A bipartisan group in the U.S. House of Representatives is close to forcing a series of immigration votes to override the will of the top two Republicans in Congress.
The movement aims to address multiple immigration issues, including the Deferred Action for Childhood Arrivals program that President Donald Trump is ending. To spur action, the bipartisan group is circulating a discharge petition that needs 218 signatures to work around GOP leadership and hold a series of votes on immigration matters.
As of late Tuesday, the group needed just 15 more signatures. More than 200 have already signed, including 20 Republicans. Proponents said just five more GOP votes are needed, in addition to the Democratic support, for the petition to succeed.
The fight for and against the petition rages as Trump travels to New York Wednesday to participate in a roundtable discussion on immigration. That event will begin at 2 p.m. EDT and will be streamed live by the White House.
Rep. Jeff Dunham of California, who’s leading the insurgent effort with Rep. Carlos Curbelo of Florida, said on Twitter the petition may be the “last real shot” at finding a fix for DACA, which Trump and GOP leadership have demanded.
Trump set a March 5 deadline for DACA to be amended satisfactorily, but federal courts blocked his termination order.
America has never punished children for the actions of their parents, and we shouldn’t start now,” Dunham said.
Dunham told the Hill centrist Republican supporters have a strategy to find the remaining votes needed.
“We’re having more and more members sign on. … We’ve always been confident we have the votes, so it’s just signing more members up this week,” he said.
Republican opponents in Congress have been working to kill the petition — including House Speaker Paul Ryan, who cut short a trip to Wisconsin Tuesday to stem the movement.
In a closed-door meeting with Republicans Tuesday, Ryan urged them to unite — saying the only way Republicans will keep their congressional majorities this fall is to work in solidarity.
“He said we need to start acting like we’re in charge of the place, and being divided doesn’t help,” Rep. Mark Amodei, R-Nev., said. “He was frustrated … I think he used the word ‘crap’ once. For Paul Ryan, ‘crap’ is pretty blue language.”
Other conservatives like Pennsylvania Rep. Scott Perry say the petition’s success or failure will be seen as a choice from GOP leadership — who didn’t use their power to stop it.

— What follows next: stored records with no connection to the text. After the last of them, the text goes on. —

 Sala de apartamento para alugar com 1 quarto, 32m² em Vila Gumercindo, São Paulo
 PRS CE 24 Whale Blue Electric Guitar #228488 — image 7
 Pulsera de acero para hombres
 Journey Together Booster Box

“If you don’t want the tyranny of the minority to take over, and you’re in leadership, there are methods to make sure that policy that the American people didn’t ask for doesn’t come to the floor,” Perry said, adding “all options” are on the table with Ryan and House Majority Leader Kevin McCarthy if the petition succeeds.
“If leadership doesn’t stop it, they would be violating their own word, which was … majority of the majority,” Rep. Dave Brat, R-Va., said, referring to an unofficial Republican policy of not holding votes on matters that aren’t supported by more than half of the conference.